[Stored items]
Content starts
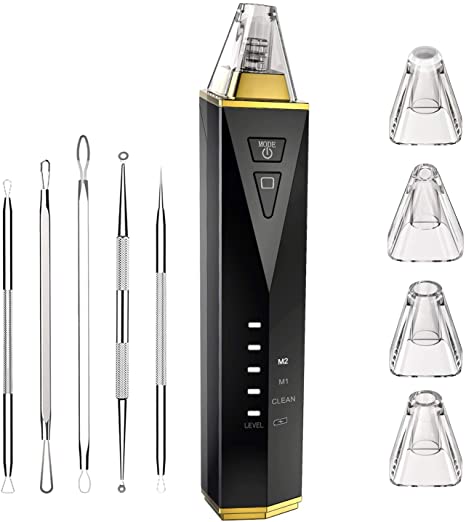 BESTOPE Blackhead Remover Pore Vacuum with 5 Levels Strong Suction 3 Cleaning Mode 4 Changeable Probes Electric Comedone Extractor Kit for Women and Men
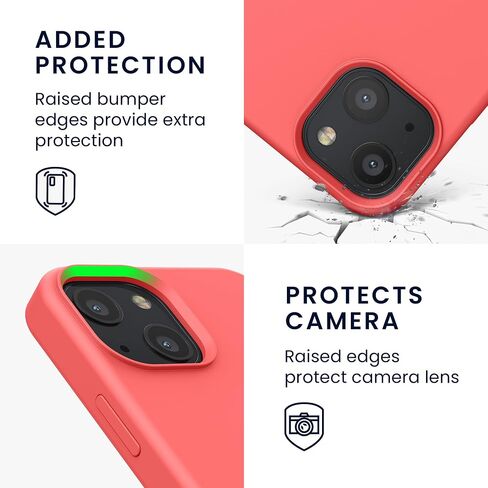 حافظة kwmobile متوافقة مع حافظة Apple iPhone 13 Mini - غطاء هاتف من السيليكون TPU مع لمسة نهائية ناعمة - أصفر مشع in Saudi Arabia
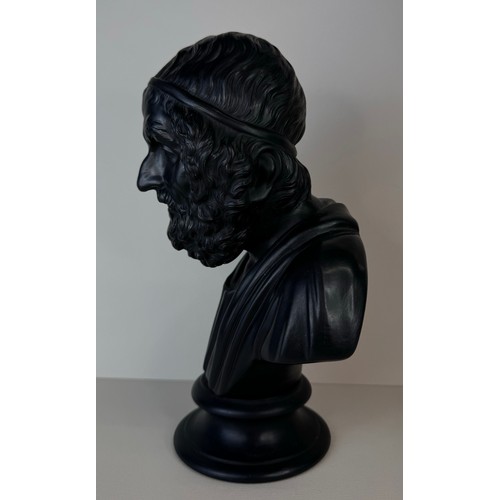 113 - A Wedgwood black basalt bust of Homer, 26cms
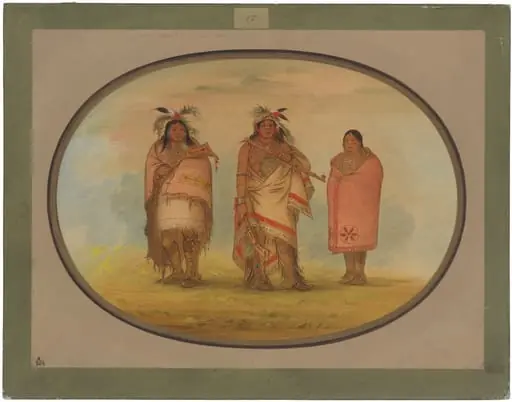 Menomonie Chief, His Wife, and Son, by George Catlin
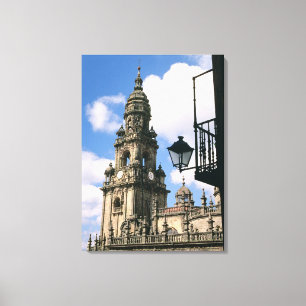 Blick auf den Uhrturm an der Ecke Leinwanddruck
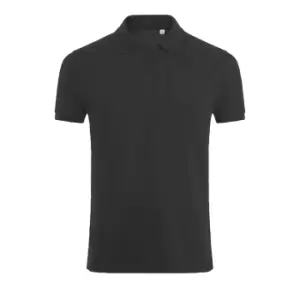 Image of SOLS Mens Phoenix Short Sleeve Pique Polo Shirt (M) (Charcoal Marl)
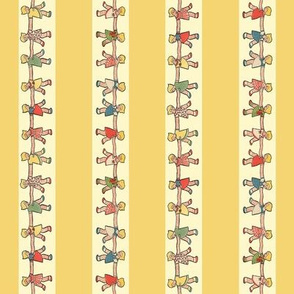 PAPER DOLL STRIPE SMALL -  PAPER DOLL COLLECTION (YELLOW)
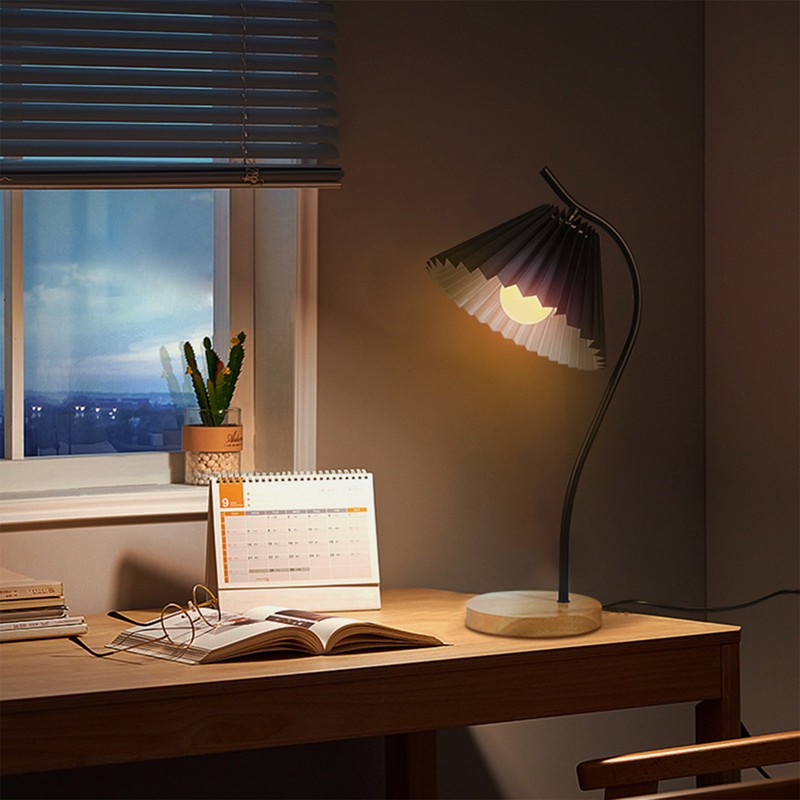 Table Lamp with Cloth Pleated Lampshade Metal Modern Nightstand Bedside
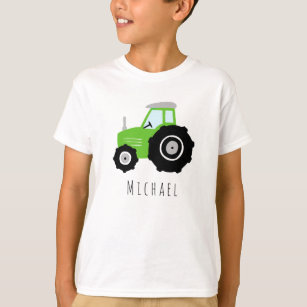 Boys Modern Green Farm Tractor and Name T-Shirt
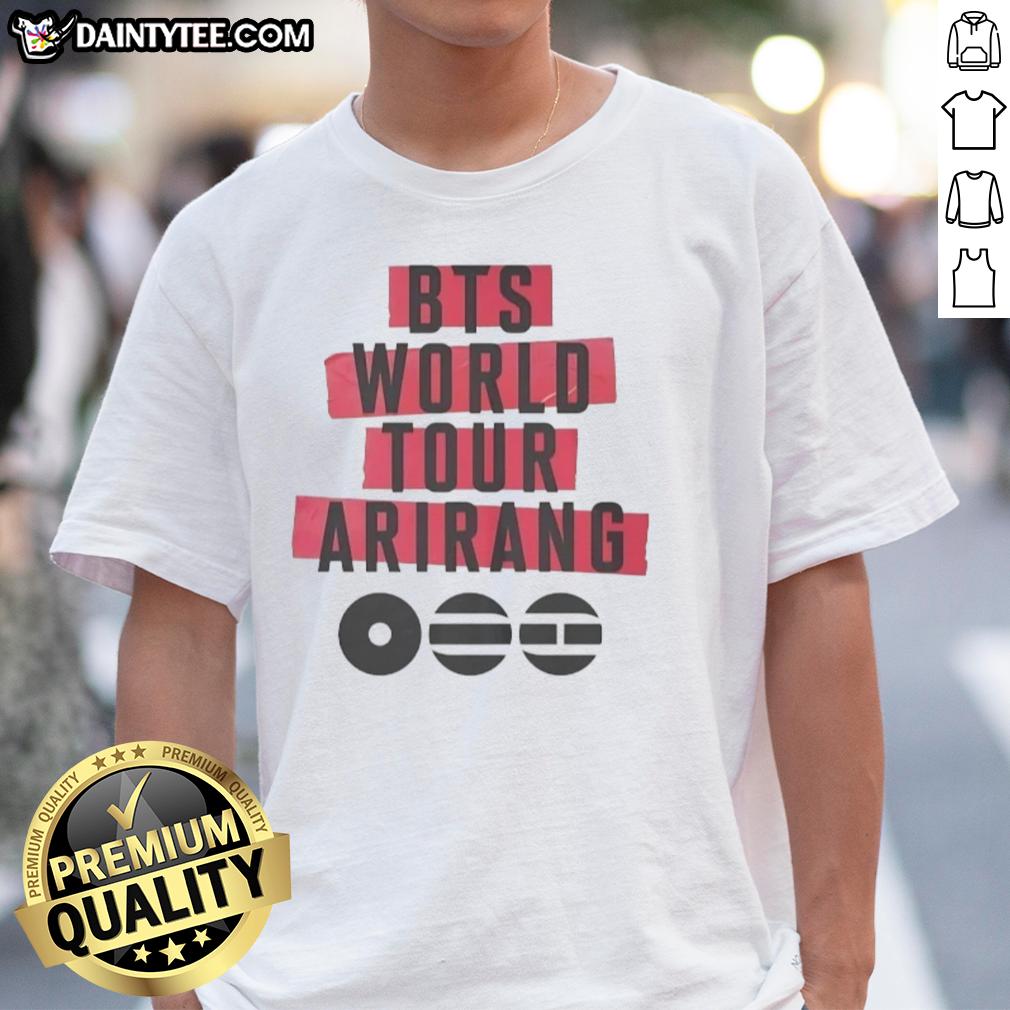 cute-bts-world-tour-arirang-2026-t-shirt Alt Text: Cute BTS World Tour Arirang 2026 T-Shirt featuring vibrant graphics and a stylish design for fans.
Content ends
» **What you have to do**: An exact transcription of the records above is needed, with no pictures included.

» **Task answer**:
 BESTOPE Blackhead Remover Pore Vacuum with 5 Levels Strong Suction 3 Cleaning Mode 4 Changeable Probes Electric Comedone Extractor Kit for Women and Men
 حافظة kwmobile متوافقة مع حافظة Apple iPhone 13 Mini - غطاء هاتف من السيليكون TPU مع لمسة نهائية ناعمة - أصفر مشع in Saudi Arabia
 113 - A Wedgwood black basalt bust of Homer, 26cms
 Menomonie Chief, His Wife, and Son, by George Catlin
 Blick auf den Uhrturm an der Ecke Leinwanddruck
 Image of SOLS Mens Phoenix Short Sleeve Pique Polo Shirt (M) (Charcoal Marl)
 PAPER DOLL STRIPE SMALL -  PAPER DOLL COLLECTION (YELLOW)
 Table Lamp with Cloth Pleated Lampshade Metal Modern Nightstand Bedside
 Boys Modern Green Farm Tractor and Name T-Shirt
 cute-bts-world-tour-arirang-2026-t-shirt Alt Text: Cute BTS World Tour Arirang 2026 T-Shirt featuring vibrant graphics and a stylish design for fans.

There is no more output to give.